The Fragility Of Moral Judgment In Large Language Models

TL;DR

The results show that LLM moral judgments are co-produced by narrative form and task scaffolding, raising reproducibility and equity concerns when outcomes depend on presentation skill rather than moral substance.

Abstract

People increasingly use large language models (LLMs) for everyday moral and interpersonal guidance, yet these systems cannot interrogate missing context and judge dilemmas as presented. We introduce a perturbation framework for testing the stability and manipulability of LLM moral judgments while holding the underlying moral conflict constant. Using 2,939 dilemmas from r/AmItheAsshole (January-March 2025), we generate three families of content perturbations: surface edits (lexical/structural noise), point-of-view shifts (voice and stance neutralization), and persuasion cues (self-positioning, social proof, pattern admissions, victim framing). We also vary the evaluation protocol (output ordering, instruction placement, and unstructured prompting). We evaluated all variants with four models (GPT-4.1, Claude 3.7 Sonnet, DeepSeek V3, Qwen2.5-72B) (N=129,156 judgments).

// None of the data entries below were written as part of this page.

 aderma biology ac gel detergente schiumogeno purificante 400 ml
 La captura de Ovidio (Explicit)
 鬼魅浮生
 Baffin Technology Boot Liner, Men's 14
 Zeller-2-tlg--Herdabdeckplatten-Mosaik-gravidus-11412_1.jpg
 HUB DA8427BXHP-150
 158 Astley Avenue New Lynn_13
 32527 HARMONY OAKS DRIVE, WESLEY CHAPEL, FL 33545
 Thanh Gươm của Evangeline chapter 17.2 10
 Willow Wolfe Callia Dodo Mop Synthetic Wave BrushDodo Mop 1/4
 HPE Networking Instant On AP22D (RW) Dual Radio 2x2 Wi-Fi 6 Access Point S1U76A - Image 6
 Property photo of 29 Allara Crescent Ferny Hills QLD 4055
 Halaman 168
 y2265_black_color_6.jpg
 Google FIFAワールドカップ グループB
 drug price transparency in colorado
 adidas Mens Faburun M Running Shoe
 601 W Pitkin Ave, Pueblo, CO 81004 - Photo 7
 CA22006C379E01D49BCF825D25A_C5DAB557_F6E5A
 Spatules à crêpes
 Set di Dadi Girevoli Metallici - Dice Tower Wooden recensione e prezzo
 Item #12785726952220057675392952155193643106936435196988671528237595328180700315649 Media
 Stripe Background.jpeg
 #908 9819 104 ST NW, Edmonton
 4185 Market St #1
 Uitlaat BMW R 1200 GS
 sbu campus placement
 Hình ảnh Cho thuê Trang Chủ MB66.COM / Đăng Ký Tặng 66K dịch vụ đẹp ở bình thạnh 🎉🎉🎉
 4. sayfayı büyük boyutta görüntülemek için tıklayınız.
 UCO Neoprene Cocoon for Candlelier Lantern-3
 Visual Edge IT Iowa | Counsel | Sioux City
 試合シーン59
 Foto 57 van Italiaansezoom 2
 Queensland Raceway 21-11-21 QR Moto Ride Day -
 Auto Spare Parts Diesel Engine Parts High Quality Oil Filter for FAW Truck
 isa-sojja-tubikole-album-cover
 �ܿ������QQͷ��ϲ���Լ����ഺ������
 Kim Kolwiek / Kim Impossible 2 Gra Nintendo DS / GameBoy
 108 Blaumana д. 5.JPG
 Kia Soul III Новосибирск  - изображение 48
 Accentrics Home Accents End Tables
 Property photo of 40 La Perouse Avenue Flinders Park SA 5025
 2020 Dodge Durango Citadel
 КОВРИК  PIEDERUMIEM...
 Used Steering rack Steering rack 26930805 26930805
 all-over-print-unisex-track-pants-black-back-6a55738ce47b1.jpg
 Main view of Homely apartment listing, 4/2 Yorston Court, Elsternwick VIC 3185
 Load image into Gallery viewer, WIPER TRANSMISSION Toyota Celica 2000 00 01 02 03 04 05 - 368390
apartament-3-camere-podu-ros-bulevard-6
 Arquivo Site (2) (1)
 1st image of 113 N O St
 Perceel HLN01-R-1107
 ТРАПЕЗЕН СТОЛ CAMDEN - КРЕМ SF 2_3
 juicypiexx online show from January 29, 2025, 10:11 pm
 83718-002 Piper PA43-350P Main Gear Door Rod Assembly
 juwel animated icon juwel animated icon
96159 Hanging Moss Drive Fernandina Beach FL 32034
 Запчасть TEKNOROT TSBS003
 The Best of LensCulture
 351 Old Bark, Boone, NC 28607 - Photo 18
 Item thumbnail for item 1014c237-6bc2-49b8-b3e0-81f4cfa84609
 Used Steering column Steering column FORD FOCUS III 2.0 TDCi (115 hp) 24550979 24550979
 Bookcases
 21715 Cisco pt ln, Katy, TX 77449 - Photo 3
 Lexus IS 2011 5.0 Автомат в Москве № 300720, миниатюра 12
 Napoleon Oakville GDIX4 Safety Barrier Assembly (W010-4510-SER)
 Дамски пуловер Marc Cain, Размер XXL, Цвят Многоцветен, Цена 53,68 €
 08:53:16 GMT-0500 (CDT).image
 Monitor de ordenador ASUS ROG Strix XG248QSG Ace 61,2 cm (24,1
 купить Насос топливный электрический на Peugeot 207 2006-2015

Surface perturbations produce low flip rates (7.5%), largely within the self-consistency noise floor (4-13%), whereas point-of-view shifts induce substantially higher instability (24.3%). A large subset of dilemmas (37.9%) is robust to surface noise yet flips under perspective changes, indicating that models condition on narrative voice as a pragmatic cue. Instability concentrates in morally ambiguous cases; scenarios where no party is assigned blame are most susceptible. Persuasion perturbations yield systematic directional shifts. Protocol choices dominate all other factors: agreement between structured protocols is only 67.6% (kappa=0.55), and only 35.7% of model-scenario units match across all three protocols. These results show that LLM moral judgments are co-produced by narrative form and task scaffolding, raising reproducibility and equity concerns when outcomes depend on presentation skill rather than moral substance.
Paper Structure (71 sections, 4 equations, 4 figures, 9 tables)

This paper contains 71 sections, 4 equations, 4 figures, 9 tables.

Figures (4)

  • Figure 1: Baseline Uncertainty Predicts Perturbation Instability.(a) Relationship between baseline normalized entropy (NE) and perturbation flip rate across four models. NE is computed from runs 2--15 using a split-sample approach; flip rates are computed against held-out run 1 to avoid leakage. Lines show quasibinomial GLM fits (logit link). (b) Flip rates by baseline verdict category, aggregated across all models.
  • Figure 2: Verdict Instability and Asymmetric Blame Attribution by Model.(a) Flip rates by base verdict category and perturbation family. (b) Net blame direction by model and perturbation type. Values represent $(\text{flips toward blaming narrator} - \text{flips toward exonerating narrator}) / (\text{total directional flips})$, ranging from $-1$ (all flips exonerate narrator) to $+1$ (all flips blame narrator), with $0$ indicating balanced effects. Red cells indicate perturbations that shift blame toward the narrator; blue cells indicate shifts toward exonerating the narrator.
  • Figure 3: Epistemic Stance and Cross-Model Agreement Under Verification.(a) Change in net epistemic stance (boosters $-$ hedges per 100 words) between baseline and perturbed explanations. Negative values indicate more hedged, tentative language; positive values indicate more confident, direct language. Error bars show 95% confidence intervals. (b) Cross-model agreement by scenario-level verification intensity on reasoning traces. Scenarios are binned by total verification count across all models and protocols.
  • Figure 4: Protocol Instability and Distributed Blame Verdict Fate.(a) Verdict flip rates under three protocol perturbations (Explanation First, System Prompt, Unstructured) compared to the main study's verdict-first protocol, grouped by base verdict category. (b) Fate of distributed blame verdicts (All At Fault or No One At Fault) under content and protocol perturbations. Stacked bars show the percentage of verdicts that were retained versus shifted to clear blame attribution (Other At Fault or Self At Fault).